EXERCISE
Leave out all pictures while repeating the records exactly and completely.

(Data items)
..............................

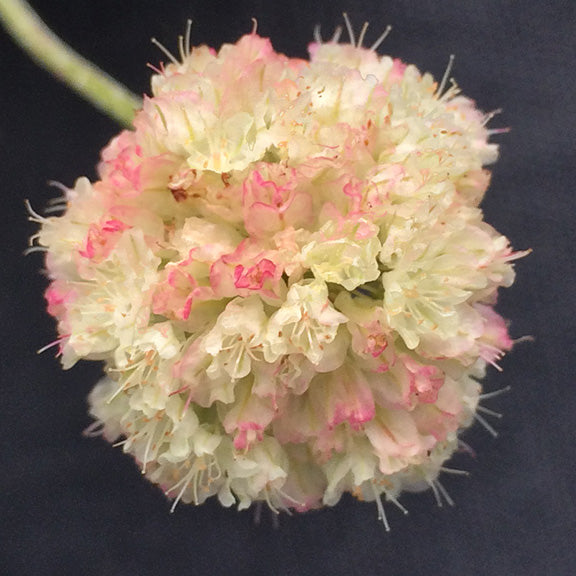 A close-up of Eriogonum ovalifolium (Silverplant) in full bloom, displaying a dense, rounded flower head with soft white petals tinged in pink. The intricate structure of the tiny flowers is highlighted against a dark background, emphasizing their delicate details.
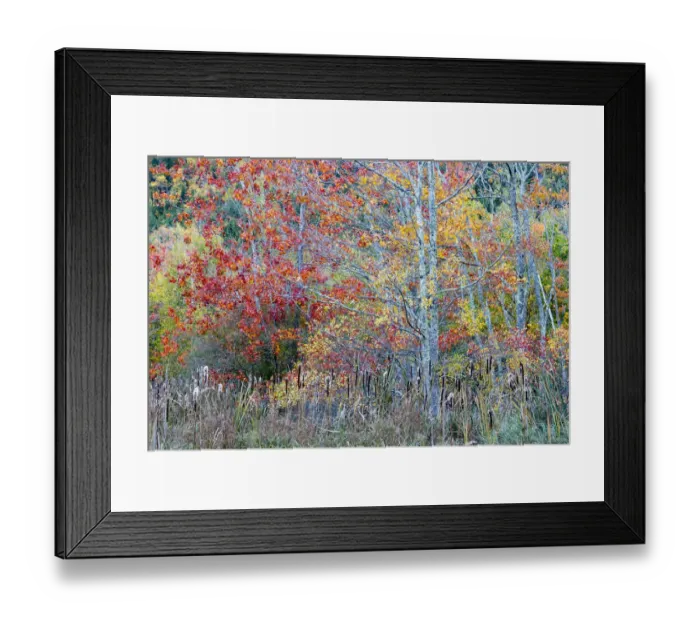 Framed Print : USA, Maine. Colorful autumn foliage in the forests of Sieur de Monts, Acadia National Park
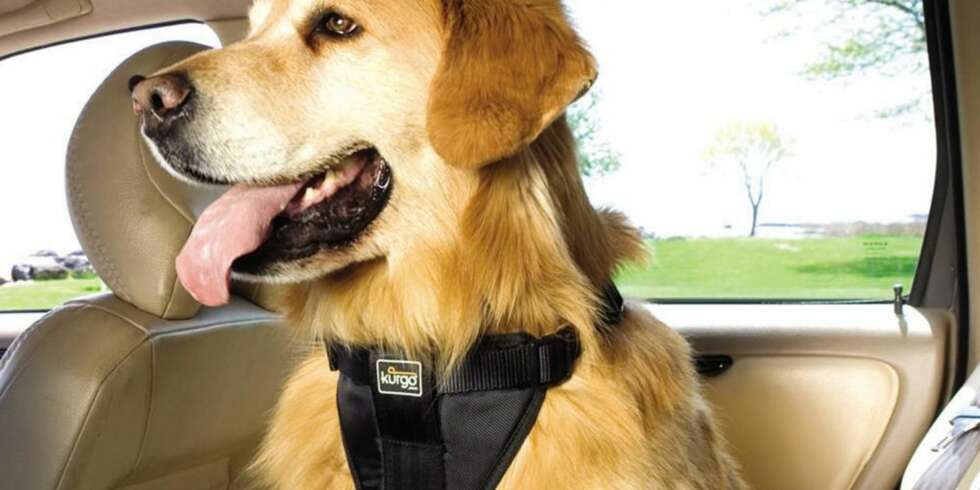 BUR BEST: ADAC fraråder bruk av spesielle hundebelter i baksetet, og mener du også bør unngå sammenleggbare bur fordi de kan klappe sammen ved en kollisjon. FOTO: Newspress BUR BEST: ADAC fraråder bruk av spesielle hundebelter i baksetet, og mener du også bør unngå sammenleggbare bur fordi de kan klappe sammen ved en kollisjon. FOTO: Newspress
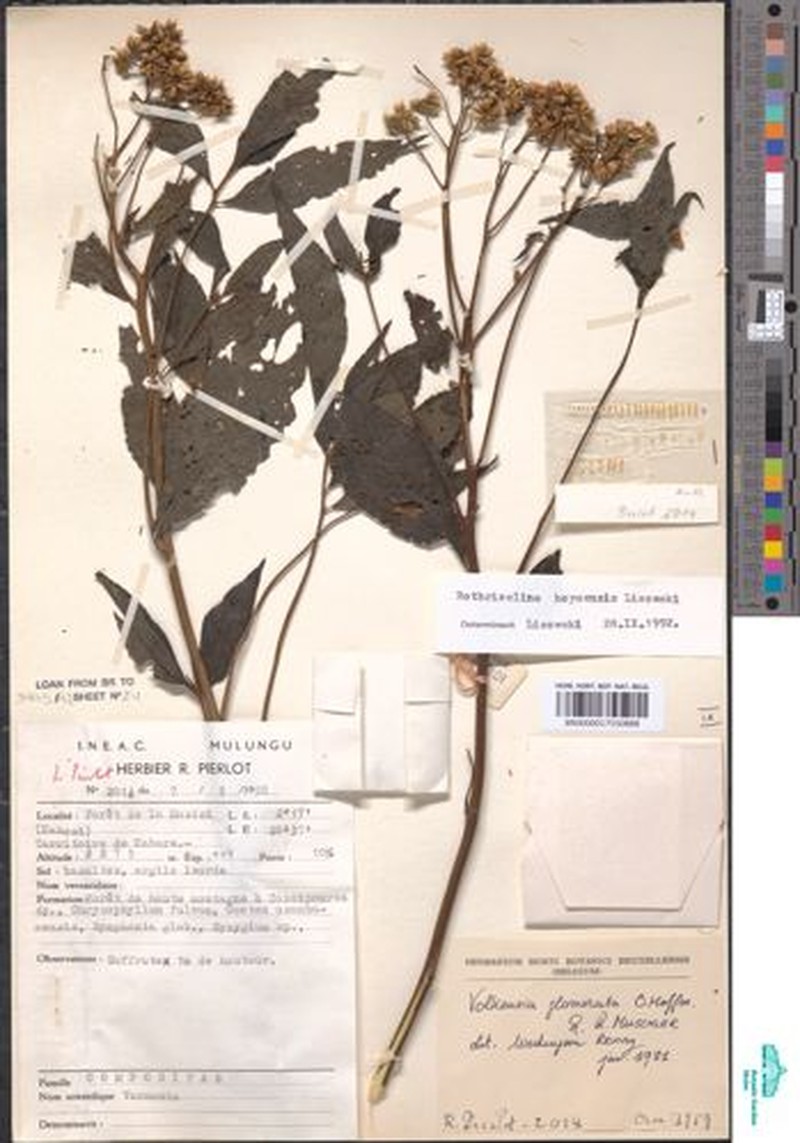 Bothriocline hoyoensis
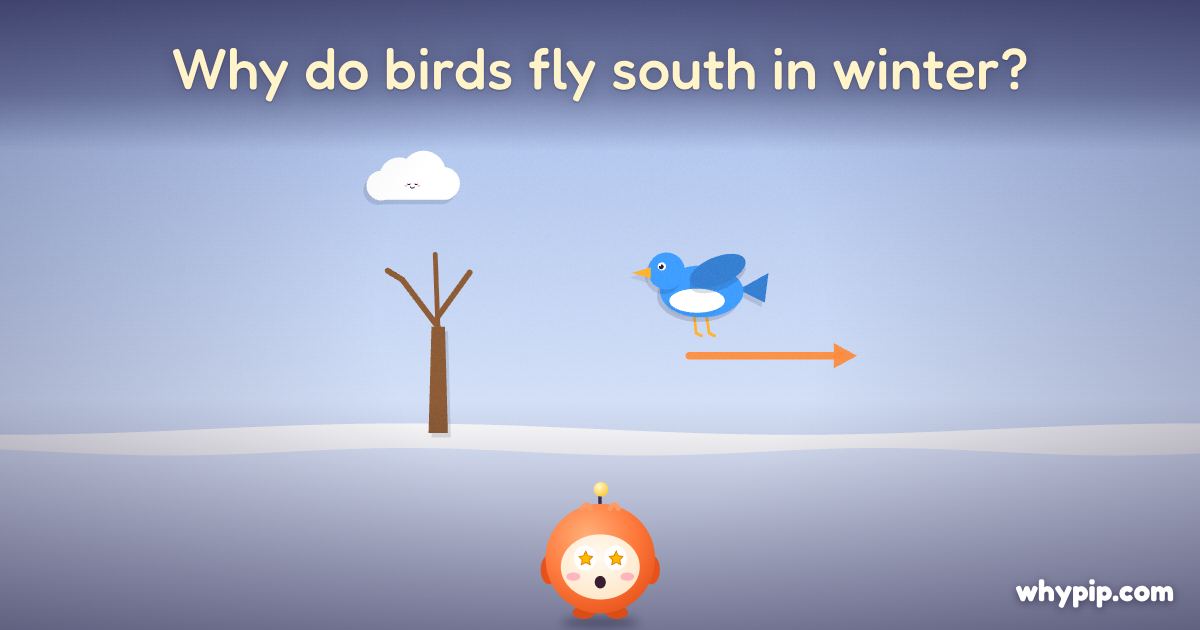 Pip’s picture for “Why do birds fly south in winter?”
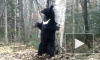 В Приморье зажигательный танец медведя сняли на видео, в нацпарке "Земля леопарда" гималайский медведь плясал хип-хоп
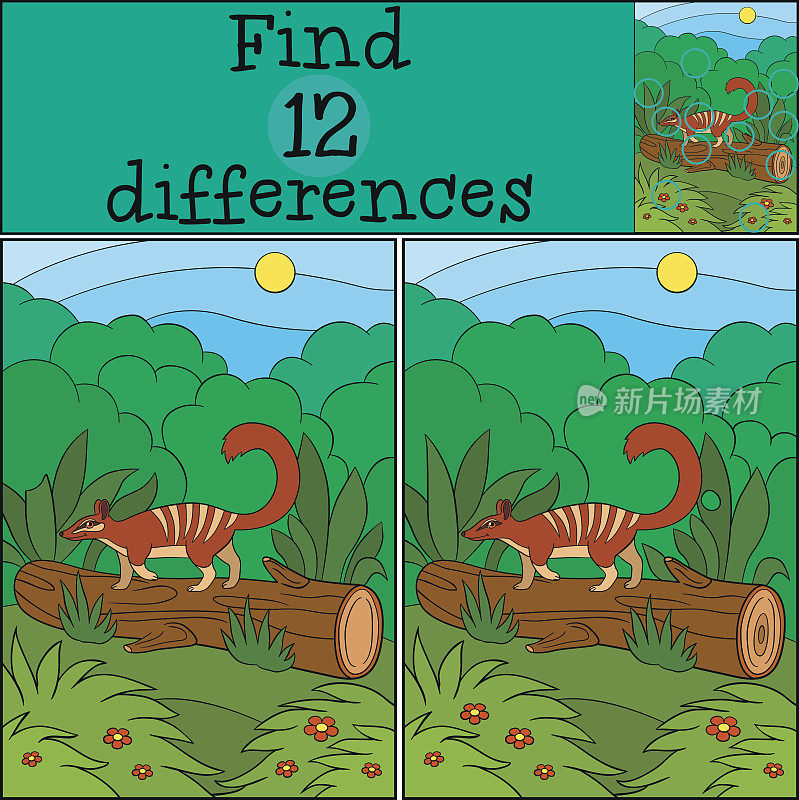 教育游戏:发现差异。小可爱的袋食蚁兽。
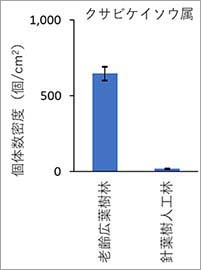 図1：クサビケイソウ属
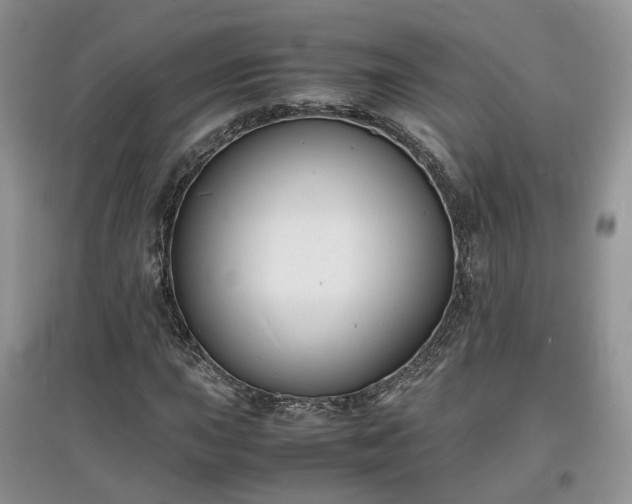 X0000097621015200803071505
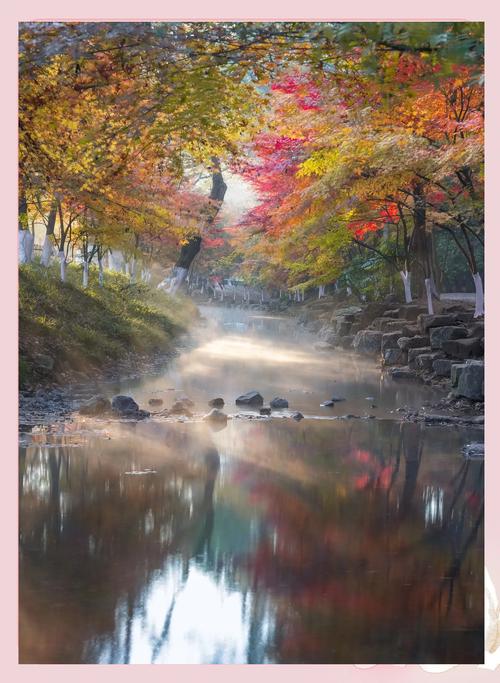 杭州九溪烟树的哪些景点值得游客打卡?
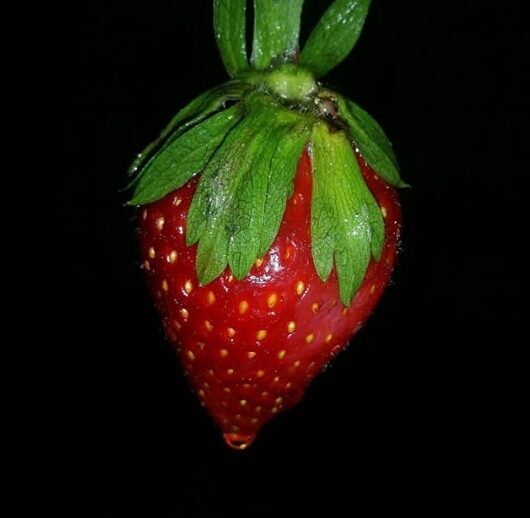 fruit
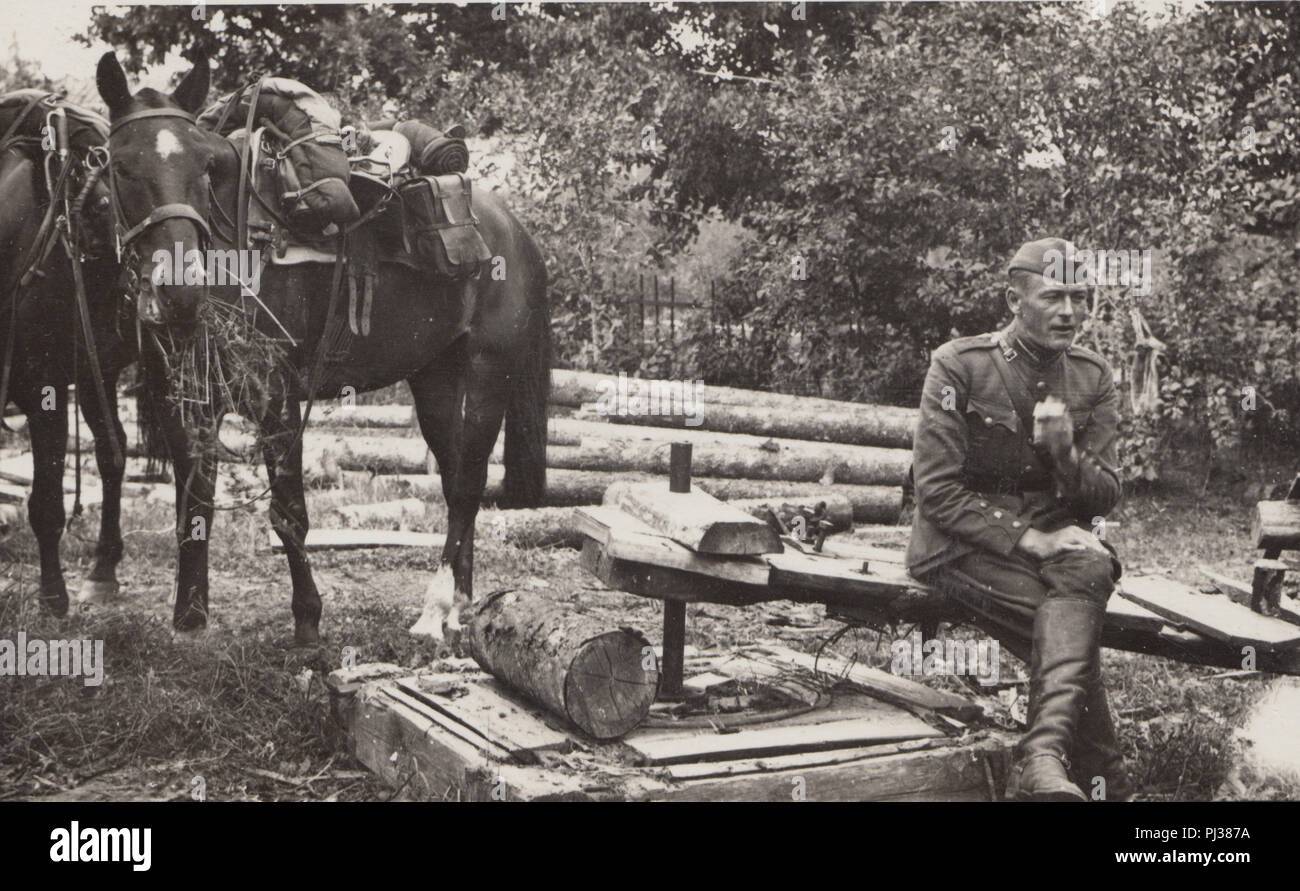 Vintage Foto eines deutschen Soldaten entspannend Neben einigen Pferden Stockfoto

..............................

TASK OUTPUT
 A close-up of Eriogonum ovalifolium (Silverplant) in full bloom, displaying a dense, rounded flower head with soft white petals tinged in pink. The intricate structure of the tiny flowers is highlighted against a dark background, emphasizing their delicate details.
 Framed Print : USA, Maine. Colorful autumn foliage in the forests of Sieur de Monts, Acadia National Park
 BUR BEST: ADAC fraråder bruk av spesielle hundebelter i baksetet, og mener du også bør unngå sammenleggbare bur fordi de kan klappe sammen ved en kollisjon. FOTO: Newspress BUR BEST: ADAC fraråder bruk av spesielle hundebelter i baksetet, og mener du også bør unngå sammenleggbare bur fordi de kan klappe sammen ved en kollisjon. FOTO: Newspress
 Bothriocline hoyoensis
 Pip’s picture for “Why do birds fly south in winter?”
 В Приморье зажигательный танец медведя сняли на видео, в нацпарке "Земля леопарда" гималайский медведь плясал хип-хоп
 教育游戏:发现差异。小可爱的袋食蚁兽。
 図1：クサビケイソウ属
 X0000097621015200803071505
 杭州九溪烟树的哪些景点值得游客打卡?
 fruit
 Vintage Foto eines deutschen Soldaten entspannend Neben einigen Pferden Stockfoto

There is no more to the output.